Mendidik: elemen literasi, komunikasi, dan perdagangan digunakan untuk mempelajari penggunaan dunia digital yang tepat.
Melindungi: elemen hak dan tanggung jawab, keamanan, serta kesehatan dan kesejahteraan digunakan untuk tetap aman di dunia digital dan non-digital.
Di dalam tiga prinsip inti ini, terdapat sembilan elemen yang juga perlu dipertimbangkan terkait kewarganegaraan digital:[6]
Akses digital: Ini mungkin merupakan salah satu hambatan paling mendasar untuk menjadi warga digital. Namun, karena status sosial ekonomi, lokasi, dan ketidakmampuan lainnya, beberapa individu mungkin tidak memiliki akses digital. Akhir-akhir ini, sekolah-sekolah [kapan?] menjadi lebih terhubung dengan internet, sering kali menawarkan komputer dan bentuk akses lainnya. Hal ini dapat ditawarkan melalui kios, pusat komunitas, dan laboratorium terbuka. Hal ini paling sering dikaitkan dengan kesenjangan digital dan faktor-faktor yang terkait dengannya. Akses digital tersedia di banyak negara terpencil melalui kafe dunia maya dan kedai kopi kecil.
Perdagangan digital: Ini adalah kemampuan pengguna untuk mengenali bahwa sebagian besar ekonomi diatur secara online. Hal ini juga berkaitan dengan pemahaman akan bahaya dan manfaat dari pembelian daring, penggunaan kartu kredit secara daring, dan lain sebagainya. Seperti halnya keuntungan dan aktivitas legal- ada juga aktivitas berbahaya seperti unduhan ilegal, perjudian, transaksi narkoba, pornografi, plagiarisme, dan lain sebagainya.
Komunikasi digital: Elemen ini berkaitan dengan pemahaman tentang berbagai media komunikasi daring seperti surel, pesan instan, dan lain sebagainya. Ada standar etiket yang terkait dengan setiap media.
Literasi digital: Hal ini berkaitan dengan pemahaman tentang cara menggunakan berbagai perangkat digital. Misalnya, bagaimana cara mencari sesuatu dengan benar di mesin pencari versus basis data daring, atau cara menggunakan berbagai catatan daring. Sering kali banyak institusi pendidikan akan membantu membentuk literasi digital seseorang.
Etika digital: Seperti yang telah dibahas di elemen ketiga, komunikasi digital, ini adalah harapan bahwa berbagai media membutuhkan berbagai etiket. Media tertentu menuntut perilaku dan bahasa yang lebih tepat daripada yang lain.

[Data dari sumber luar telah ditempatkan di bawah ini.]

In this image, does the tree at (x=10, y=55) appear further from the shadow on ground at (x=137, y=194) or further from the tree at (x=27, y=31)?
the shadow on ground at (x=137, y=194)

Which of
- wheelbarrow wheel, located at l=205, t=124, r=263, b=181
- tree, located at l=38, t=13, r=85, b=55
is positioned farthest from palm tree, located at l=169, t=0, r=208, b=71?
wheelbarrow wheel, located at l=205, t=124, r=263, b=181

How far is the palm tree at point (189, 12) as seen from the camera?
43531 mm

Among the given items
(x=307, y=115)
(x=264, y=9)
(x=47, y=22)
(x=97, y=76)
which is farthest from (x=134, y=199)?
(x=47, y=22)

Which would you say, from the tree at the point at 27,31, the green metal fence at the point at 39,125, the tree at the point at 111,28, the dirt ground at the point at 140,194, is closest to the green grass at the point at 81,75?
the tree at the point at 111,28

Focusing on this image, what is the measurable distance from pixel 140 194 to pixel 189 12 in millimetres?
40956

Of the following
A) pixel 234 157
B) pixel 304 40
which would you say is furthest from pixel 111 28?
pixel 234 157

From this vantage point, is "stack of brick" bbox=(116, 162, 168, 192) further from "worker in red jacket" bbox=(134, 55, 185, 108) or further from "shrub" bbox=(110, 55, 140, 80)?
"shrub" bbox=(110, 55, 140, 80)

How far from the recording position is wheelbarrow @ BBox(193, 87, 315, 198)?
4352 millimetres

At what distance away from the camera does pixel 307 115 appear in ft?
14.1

Hukum digital: Di sinilah penegakan hukum terjadi untuk pengunduhan ilegal, menjiplak, meretas, membuat virus, mengirim spam, pencurian identitas, perundungan siber, dll.
Hak dan tanggung jawab digital: Ini adalah seperangkat hak yang dimiliki oleh warga digital, seperti privasi dan kebebasan berbicara.
Kesehatan digital: Warga digital harus menyadari tekanan fisik yang ditimbulkan oleh penggunaan internet pada tubuh mereka. Mereka harus sadar untuk tidak terlalu bergantung pada internet yang menyebabkan masalah seperti ketegangan mata, sakit kepala, dan stres.
Keamanan digital: Ini berarti bahwa warga negara harus mengambil langkah-langkah untuk menjaga keamanan dengan berlatih menggunakan kata sandi yang aman, perlindungan virus, mencadangkan data, dan sebagainya.